A recovery of classical theology also raises an interesting ecumenical question. Why do Protestants, especially those of an evangelical stripe, typically prioritize the doctrine of salvation over the doctrine of God? If an evangelical rejects simplicity or impassibility or eternal generation, he is typically free to do so. But why should those properly committed to the creeds and confessions consider that person closer spiritually to them than those who affirm classical theism but share a different understanding of justification?
This is a real issue.

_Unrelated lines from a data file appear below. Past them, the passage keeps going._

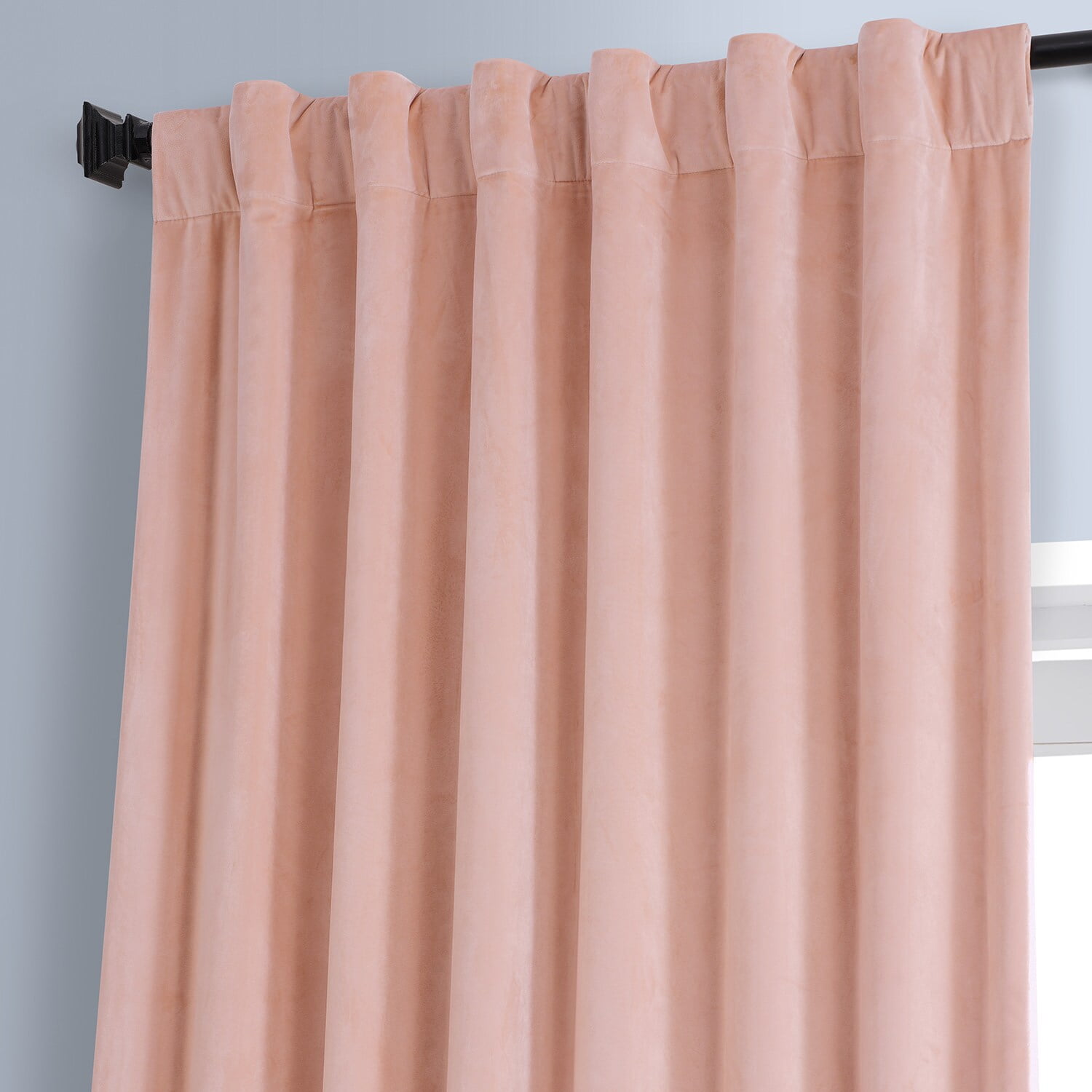 HPD Half Price Drapes Signature Apricot Blossom Plush Velvet Hotel Blackout Curtain (1 Panel), Apricot Blossom, 50W X 84L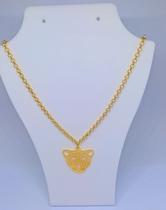 Colar Corrente Feminino Com Pingente Onça Tigre Vazado Folheado Ouro 18k Elo Portugues Fino Moda Tendência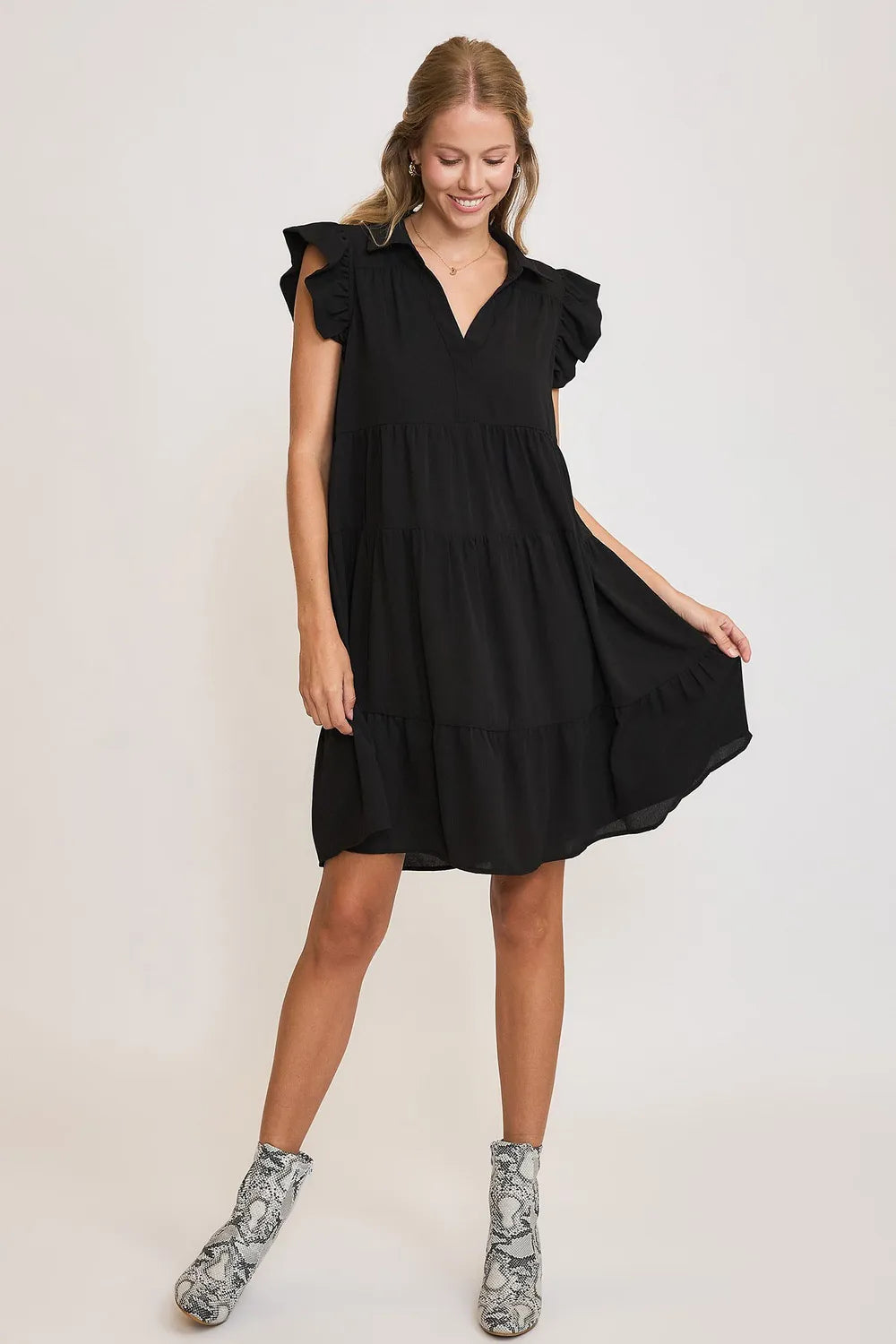Full Size Johnny Collar Ruffle Cap Sleeve Tiered Dress Plus Size - Black - Umgee USA - Style 81963 - product view 4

At an Association of Theological Schools accreditation meeting I once found myself placed among the “evangelical” attendees. In that group was someone who denied simplicity, impassibility, and the fact that God knows the future—all doctrines that I affirm. Those are not minor differences. Wistfully my eyes wandered to the Dominicans at another table, all of whom would at least have agreed with me on who God is, even if not on how he saves his church. We would at least have shared some common ground upon which to set forth our significant differences. The Reformed Orthodox of the Westminster Assembly would have considered deviance on the doctrine of God to be anathema and, if forced to choose, would certainly have preferred the company of a Thomist to that of someone who denied simplicity, eternal generation, or God’s foreknowledge. Why do we not think the same? The modern Protestant imagination is oddly different from that of our ancestors.
The Center for Classical Theology is a wonderful step in the right direction for Protestantism. May it help us to recover our roots in Nicaea and in classical theism, understand our confessions more accurately, and think about the nature of our ecumenical discussions more seriously.
Carl Trueman is a professor of biblical and religious studies at Grove City College and a fellow at the Ethics and Public Policy Center.